Section 3.3 is much improved from the initial submission, however, a couple of modifications are needed:
Pg 12, line 32: ‘either all of these measurements methods contain similar artifacts..’ this argument does not hold. Why, if this is an instrumental problem rather than missing chemistry does this have to relate to a similar artifact? Rather, the MOPS artificial signal may derive from heterogeneous production of radicals or radical precursors whilst the previous FAGE measurements could be influenced by an RO2 interference. This sentence needs to be modified to reflect this.

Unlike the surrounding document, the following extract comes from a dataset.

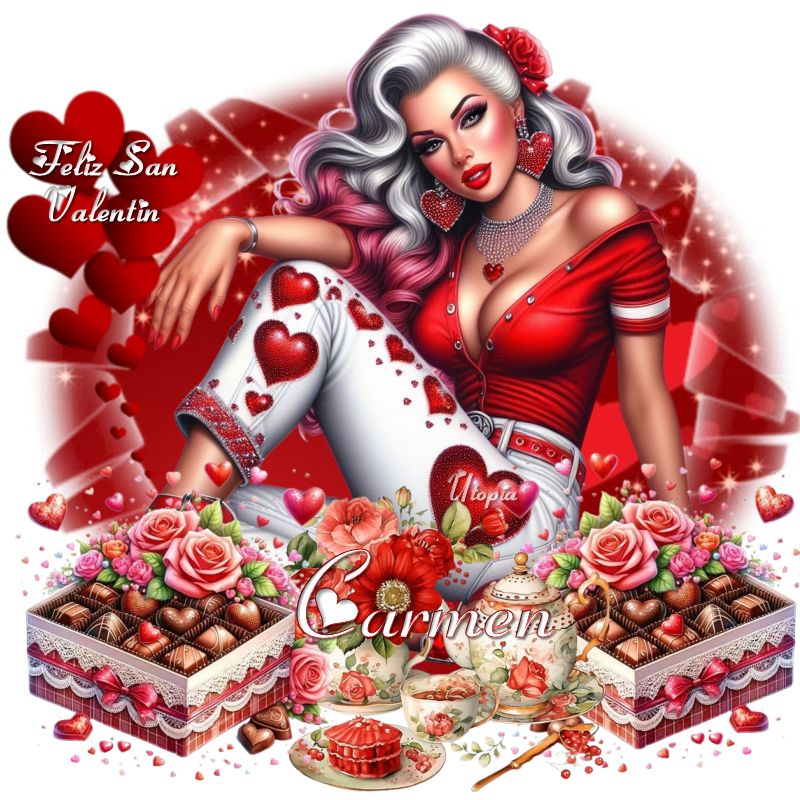 SAN VALENTIN BOMBONES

The authors argue that the positive excursion in P(O3) is apparent even before the zero correction is applied and use this as evidence that the positive excursion is not an instrumental artefact (pg 12, lines 22 – 27). I do not agree with this reasoning. It may be true that the zero correction is not inducing this positive P(O3) observed in the mronings, but other artifacts, for example, artifacts induced by heterogeneous NO2 reactions in the chamber could be contributing to this signal. The authors mention on Pg 7, line 25 ‘excess HONO of up to five times ambient values was measured in the MOPS chambers’ and that the ‘production mechanism has not been identified’ Really, systematic laboratory studies are needed to determine the absolute magnitude of this heterogeneous HONO production as a function of NOx. Failing that, the authors should at least modify the discussion in section 3.3.1 to reflect the fact that the model measurement discrepancy at high NOx could be caused by a currently unidentified HONO (or radical) production mechanisms in the MOPS that may not necessarily scale with NOx as assumed in section 3.3.1.
Figure 6, Some comment is needed about why P(O3) in the MCM3.3.1 RO2=0.0005x[NOx] scenario is lower (despite [RO2] concentrations being higher) than the base MCM case in the afternoon.
Also the scenario where RO2+NO HO2 + NO2 is not shown in Figure 6 as indicated in lines 27, 28, pg 16 (unless it is represented by the green dashed line, in which case the legend needs correcting).